The organization was among the prominent backers of the now-bankrupt exchange, investing $95 million. The dramatic crash, though, shrank that sum to virtually zero.

Change of Heart After the FTX Implosion

Jo Taylor – Chief Executive Officer of the $190 billion pension plan – told the Financial Times that the entity will refrain from cryptocurrency investments due to the losses triggered by the FTX meltdown. He said the decision was based in part on “feedback from our members,” who presumably criticized the fund’s initial interaction with the collapsed platform:

“We’ve had some learnings from the investment. We’ve had feedback from our members. We regret any loss on their behalf.”

OTPP has previously shown support toward FTX, making two separate investments in 2021 and early 2022 for a total of $95 million. Back then, the exchange was among the leaders in its field while the crypto market was in a bull run. 

While the fund’s investment accounted for less than 0.05% of its total assets, OTPP faced criticism (like many others) for dealing with a company whose founder – Sam Bankman-Fried (SBF) – is accused of fraudulent activities.

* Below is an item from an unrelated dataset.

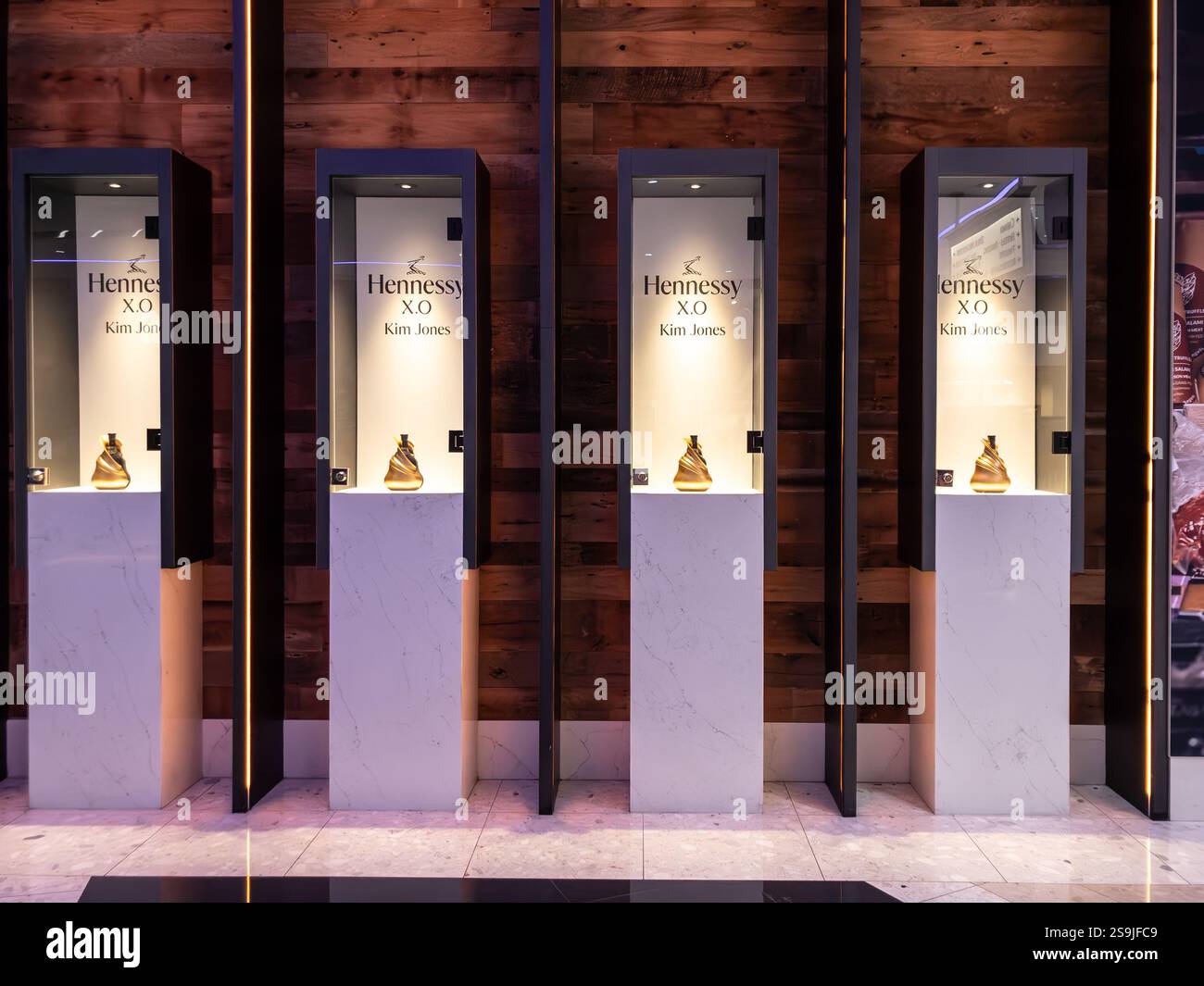 LAS VEGAS, 21. AUGUST 2024: Eine Ausstellung von Hennessy XO von Kim Jones in einem Geschäft in Las Vegas. Hennessy ist eine französische Marke von Cognac und Brandy, die zu LVMH gehört. Stockfoto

Numerous agencies and failed investors took turns to name the former CEO of FTX as the main culprit behind the demise, arguing his goal was to embezzle assets from customers.

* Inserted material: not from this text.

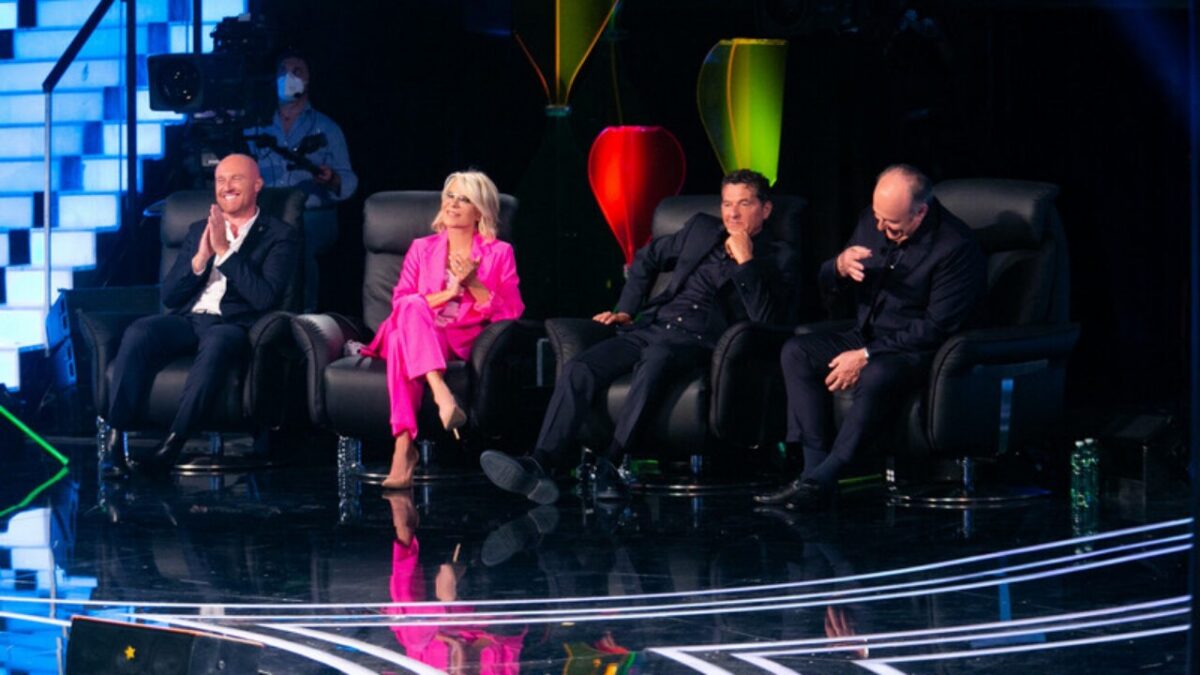 Ascolti tv sabato 28 novembre 2020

After spending a brief time in a Bahamian jail at the end of last year (shortly after the collapse), he was deported to the USA. However, the local authorities allowed him to live at his parents’ house under a whopping $250 million bond.

A trial set for the beginning of October will determine whether he had a hand in the event and rule out his possible punishment. If found guilty, the 31-year-old could spend his life behind bars. 

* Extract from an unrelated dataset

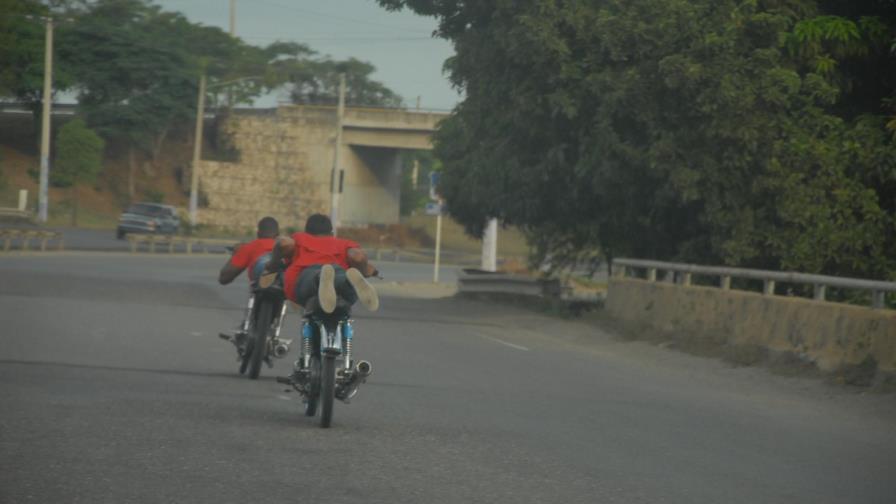 Mueren dos jóvenes durante competencia clandestina de motocicletas en Montecristi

CDPQ Lost Funds due to Celsius

Another Canadian pension fund giant that had a bad experience in the crypto field last year is Caisse de dépôt et placement du Québec (CDPQ). It lost $150 million after investing in the cryptocurrency lending platform Celsius. CEO Charles Emond outlined that his entity had conducted proper due diligence before jumping on the bandwagon, albeit it sill parted with the sum:

“The due diligence was quite extensive, with many experts and consultants involved. The team came in cautiously. We had a 4% equity stake. The conversations we had internally were pretty straightforward. The teams are accountable for that.”

Celsius filed for Chapter 11 bankruptcy protection in the US last summer after pausing withdrawals. Similar to OTPP, CDPQ vowed to stay away from any crypto forays following the unsuccessful investment.